[Caption-style text data]

● ● ● ● ● ● ●

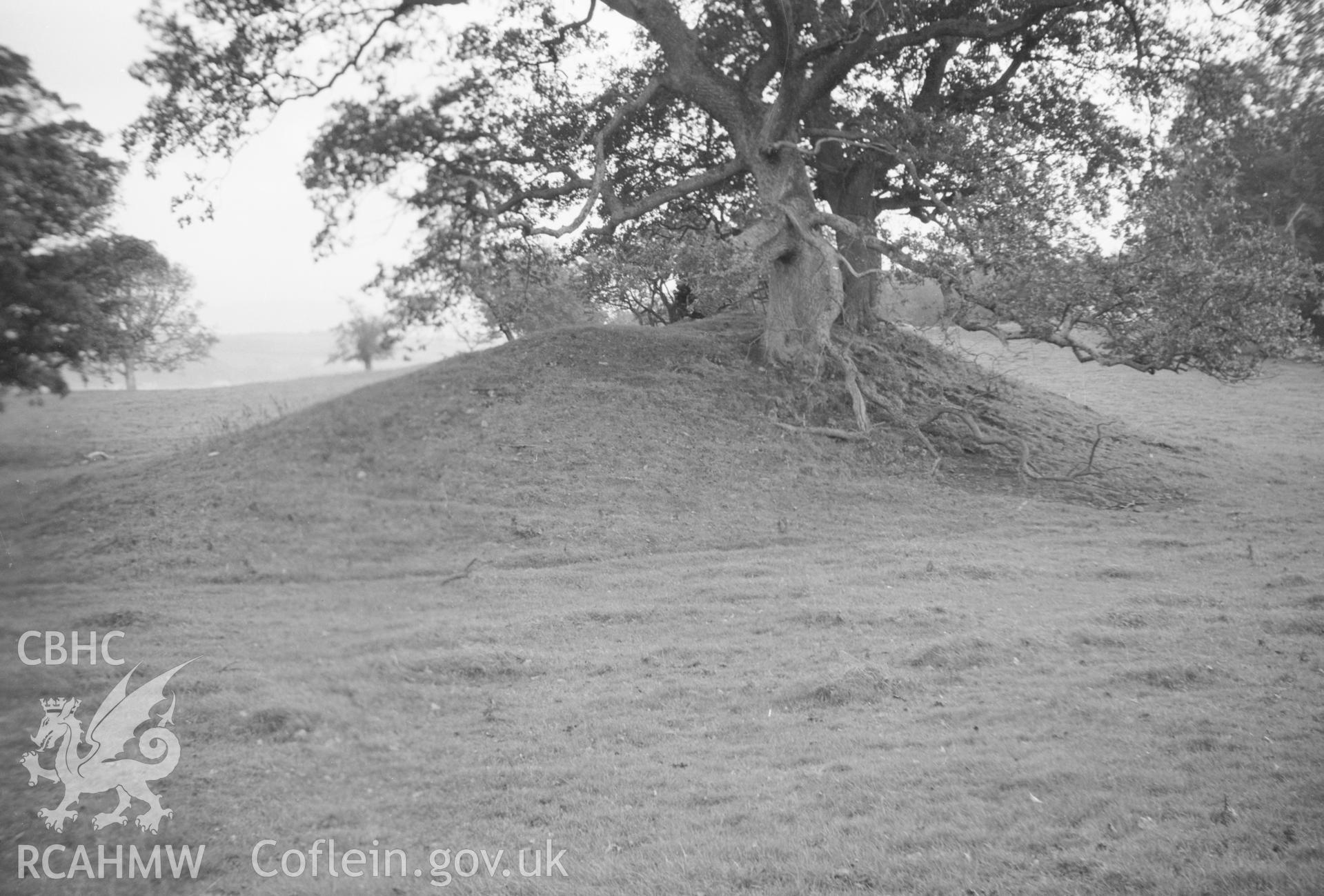Digital copy of a nitrate negative showing Bryn-yr-Hen-Bobl, Llanddaniel Fab. From the Cadw Monuments in Care Collection.
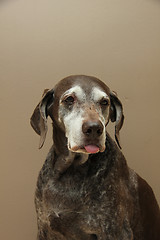 Image showing German shorthaired pointer, female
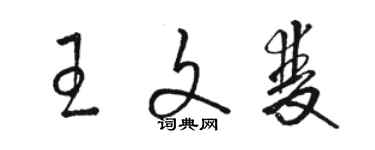 骆恒光王文双草书个性签名怎么写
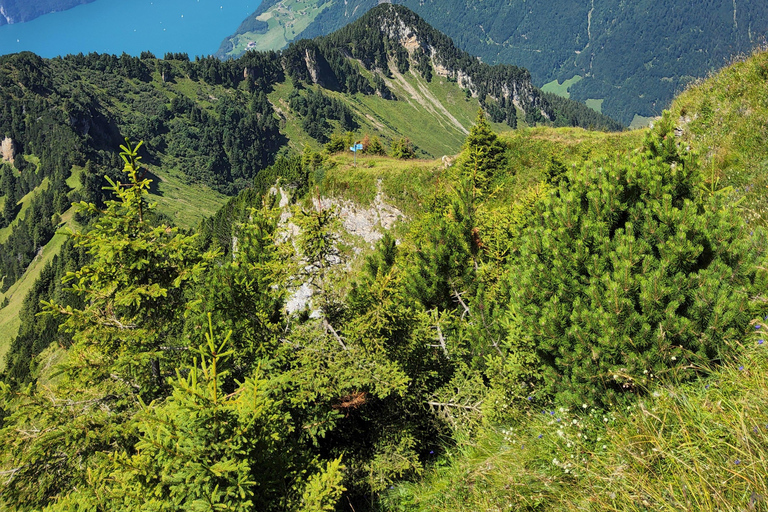 Tagestour ab Zürich: Bergwanderung auf den Rophaien mit ortskundigem GuideTagestour ab Zürich: Bergwanderung in Rophaien mit ortskundigem Guide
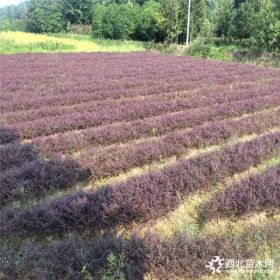 江苏红花继木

● ● ● ● ● ● ●

→ WHAT TO DO
Excluding all pictures, output exactly the lines from the line containing "Image showing German" through the last line of the entries above.

→ RESULT OF THIS EXERCISE
 Image showing German shorthaired pointer, female
 骆恒光王文双草书个性签名怎么写
 Tagestour ab Zürich: Bergwanderung auf den Rophaien mit ortskundigem GuideTagestour ab Zürich: Bergwanderung in Rophaien mit ortskundigem Guide
 江苏红花继木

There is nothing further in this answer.